* Task prompt:
Retype the data exactly, skipping any picture in it.

* Collected material:
>>>>>
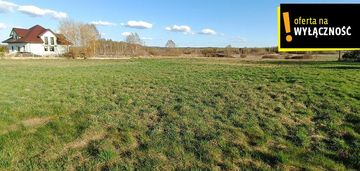 Duża działka budowlana 2492m2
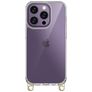 Mobigear Bungy iPhone 14 Pro Hoesje Hardcase Backcover - Goud
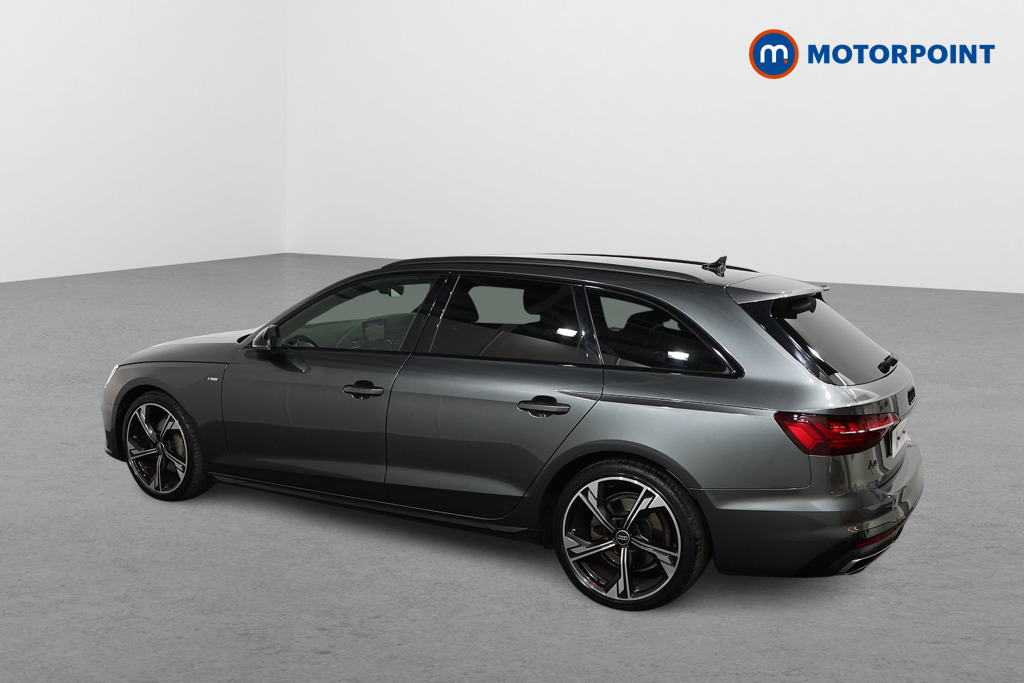 Audi A4 Black Edition Automatic Petrol Estate - Stock Number (1586730) - Drivers side front corner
<<<<<
* Output:
 Duża działka budowlana 2492m2
 Mobigear Bungy iPhone 14 Pro Hoesje Hardcase Backcover - Goud
 Audi A4 Black Edition Automatic Petrol Estate - Stock Number (1586730) - Drivers side front corner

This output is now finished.